Clear scope required
One of the things I’ve been advocating for a long time is a clear scope for data governance. Certainly, it would be nice if the industry could agree on what that is, but I’ll take your organization agreeing as a win. Just like an onion – or perhaps a cake is a better-tasting analogy – there are layers to the clarity and scope conversation, and in this article I want to dive into the differences between data governance and data management. Both seem to be the ill-defined, not-fun part of delivering data insights. As a result, neither gets a lot of love. It is so much more fun to talk about how to visualize data or create an educational program that increases the literacy or fluency of your workforce, but none of that matters if you can’t appropriately manage the data along the lifecycle.
Where data governance lives
Two scenarios cover most situations for data governance. Where data governance lives is important because differences in scope and accountability spring from the roots of your organizational structure.
The first and most common arrangement is that data governance is buried somewhere in an IT function. If this is the case, your ability to work side by side with the business to create contextually driven definitions of your key business terms is the biggest lift. Once you complete that effort, collaborating with your peers in data management to deploy those terms into the data repository is a shorter walk.
The second arrangement, less common but preferable, is that data governance sits in the business. Why is this preferable? Because the primary function of data governance is to create a bridge between the data and the insight. It’s hard to do that without context, and the best way to build context is to understand deeply what your business does. If you’re in data governance and embedded in the business, you can easily drive those context-driven conversations. However, partnering with data management to deploy terms or set data quality standards can sometimes feel like you’re taking one step forward and two steps back when the two teams aren’t well aligned.
What do data management and governance have to do with each other?
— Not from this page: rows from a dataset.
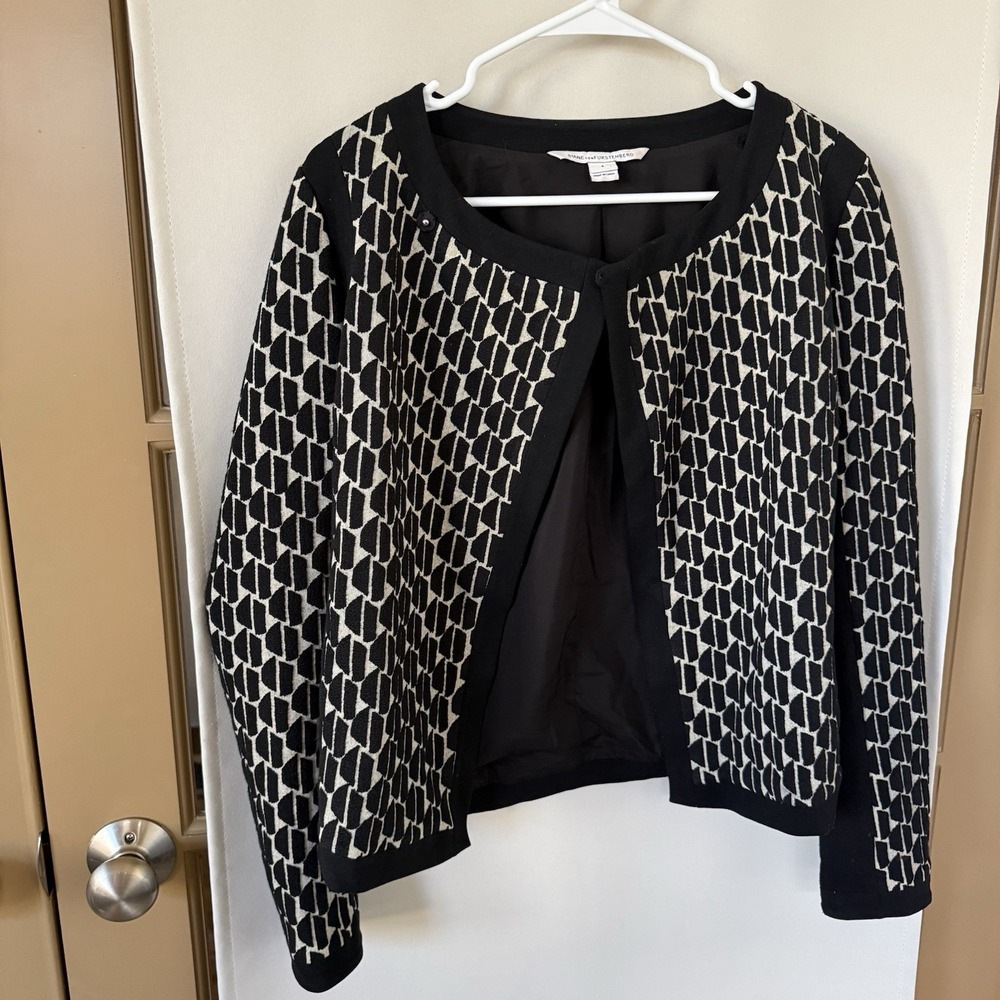 Diane‎ Von Furstenberg Women's 4 Black Tan Wool Blend Patricia Hounds Blazer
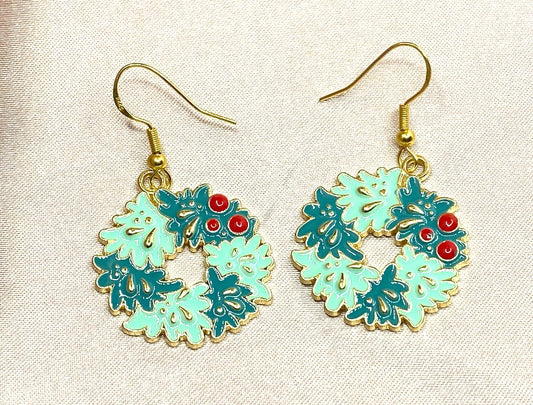 'Xmas Mistletoe Earrings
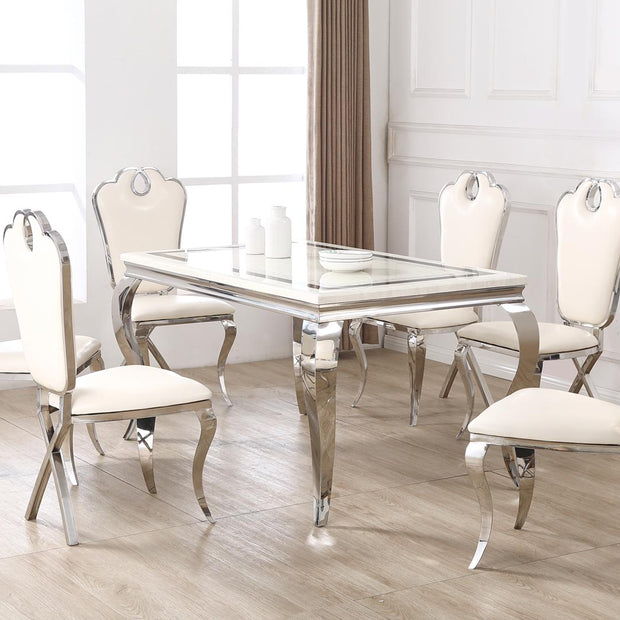 Bela Marble Stone Dining Table Set With 6 Chairs New Design OFFER PRICES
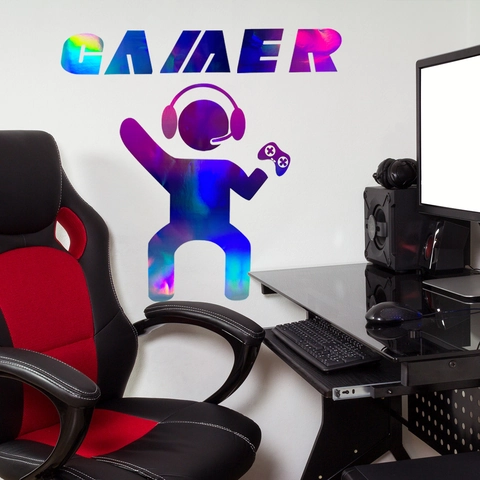 Laser Holographic Gamer Wall Sticker Color Changing Gaming Controller Decal For Bedroom Game Room Decor Teen Gift Decal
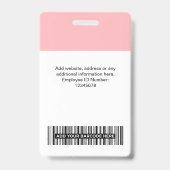 Badge Photo d'employé personnalisée, code Qr et barre, l (Back)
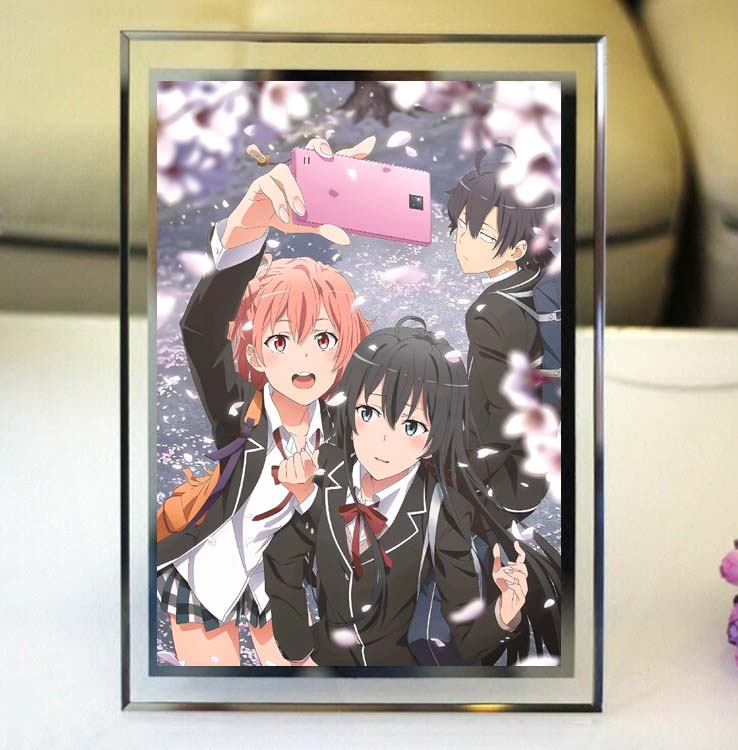 我的青春恋爱物语果然有问题水晶相框玻璃摆台照片定制动漫周边
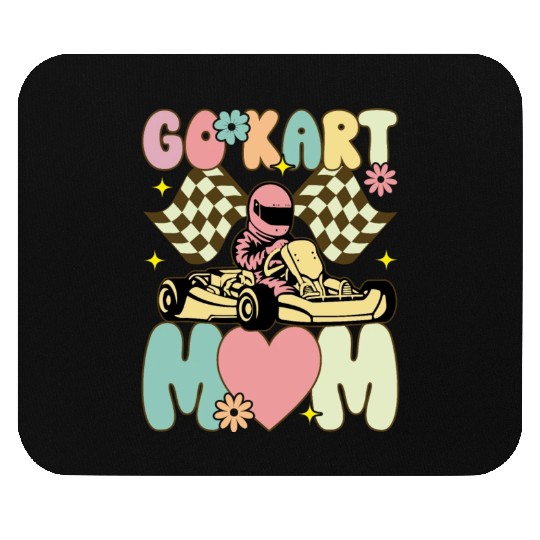 Go Kart Mom Groovy Racing Mom Karting Racer Mouse Pads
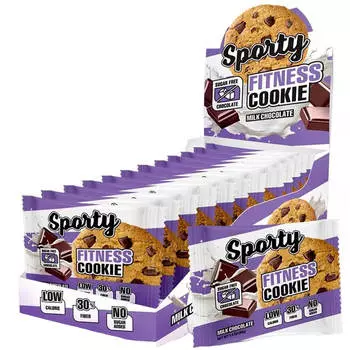 Печенье фитнес SPORTY БЕЗ САХАРА "Молочный шоколад", 12шт*40г, SPORTY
Everything. The act of governing the data gets so much attention that people forget the whole point. What is the point, you ask? Well, it really comes down to consistency. Yes, I talk a lot about the four operational pillars of governance and consistency is not among them, but the reality is that the foundation provided by these pillars creates a powerful consistency you can leverage to increase usage, quality, lineage, and protection. You can’t gain consistency if you do not deploy the work into the data repository*, hence the importance of data management.
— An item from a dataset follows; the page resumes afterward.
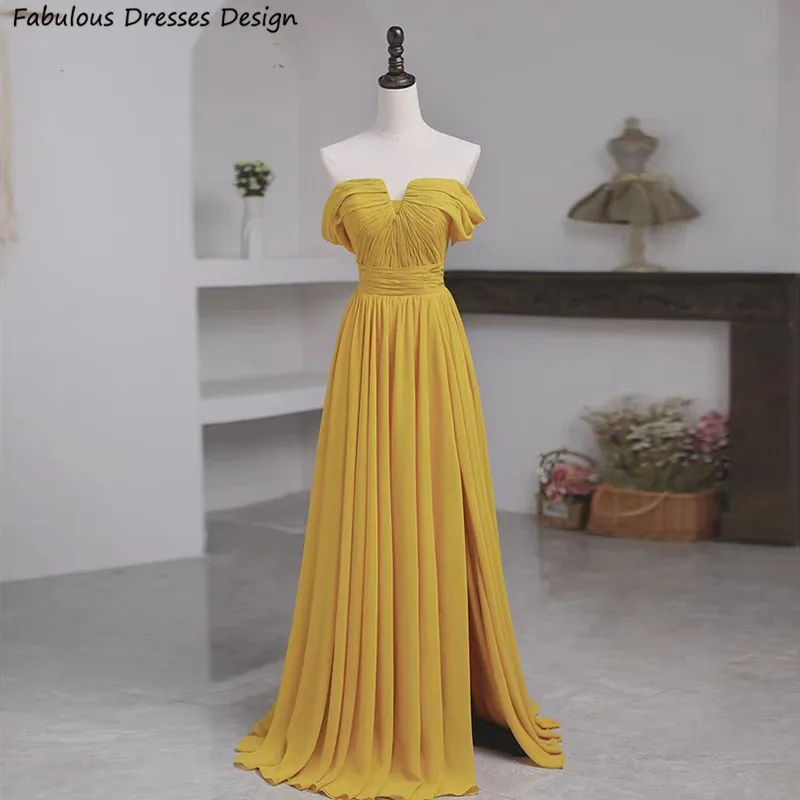 Yellow Chiffon A-line Long Prom Dresses Off Shoulder Slit Pleat Lace Up Back Evening Dress For Women Wedding Party Gowns
Yellow Chiffon A-line Long Prom Dresses Off Shoulder Slit Pleat Lace Up Back Evening Dress For Women Wedding Party Gowns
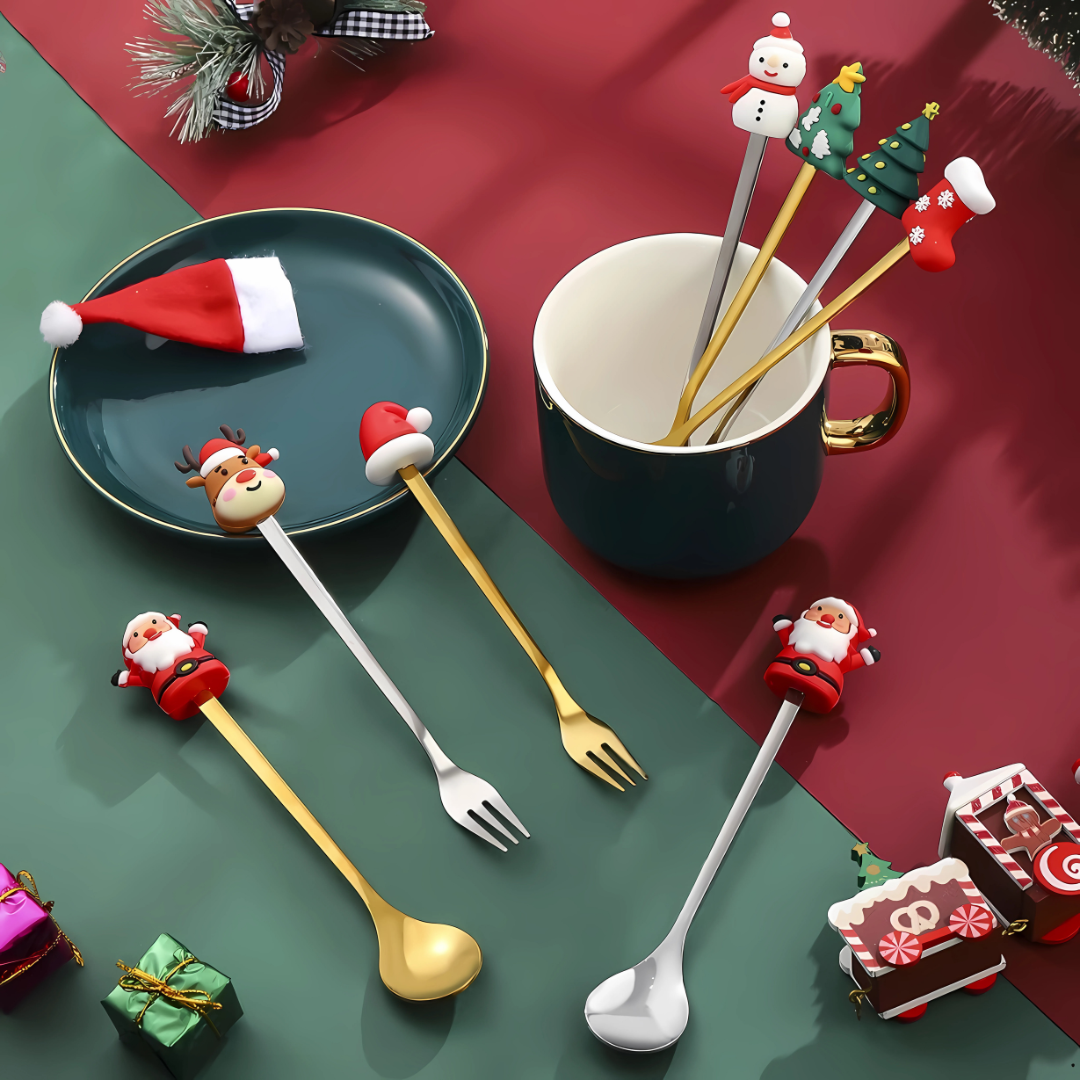 Stainless Steel Christmas Spoon & Fork Gift Set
The overlap between data management and data governance is significant. Not just because a lot of the work lies in the intersection of the two, but because we use the same or similar terms for distinct work efforts. For example, both data management and data governance are responsible for metadata but the purpose of each is different. Both use concepts of data modeling (or should) but that last mile – either creating physical tables or defining context and relationships – is different. Data engineering is the primary domain of data management, but most data governance professionals will tell you that data engineers are their go-to resource when work is being done in the data repository. The overlap creates complexity especially when there is a lack of clarity.
To realize the value of data governance, you must change everything from shared objects in a semantic layer for use in dashboards to data quality parameters. How that gets done is often at issue. Whether it’s managed as distinct projects or encompassed as part of the team’s work, the alignment between the data management versus the data governance teams are often at odds. It’s not uncommon to have a data governance team work hard to define a term and create parameters and build a lot of good will with a stakeholder, only to have that work stalled in deployment because you didn’t have alignment with the data management team. The murkiness about the roles gets in our way.
I have developed this short list to illustrate some of the potential overlaps between data management and data governance.
Who Does What? And why? For how long? When?
When my son was small, he watched an animated series called “Busy Town Mysteries.” It ran exactly as it sounds. In a busy small town there were always mysteries to solve. The rising action of the story arc typically started when someone would lose something (an all-too-common occurrence when you’re the parent of a small child). The main character would sing a ditty that included the line, “Who, what, when, where, why and how much?” Those are the questions we must ask ourselves when we’re working on solving the mystery of how data management and data governance work together.
Here's an exercise I encourage you to do. Sit down with your data governance team and your data management team and write some guiding principles. This document should help you navigate how to work together going forward. It should be aspirational, certainly, but more importantly it should be operational. In other words, you can refer to it to know who does what when. The aspirational part should be the “why” (which without a doubt should be inclusive of the organizational strategy and increasing usage of the data). From these guiding principles the manager or leaders of the teams can sit down and decide what those handoffs look like. It’s not the fun stuff for sure, but knowing exactly what happens when and by whom is an empowering place to be.
*I use the term “data repository” as a general term to refer to anything that remotely looks like a data warehouse, data lake, data lakehouse, data cloud, data McMansion, you get the drift.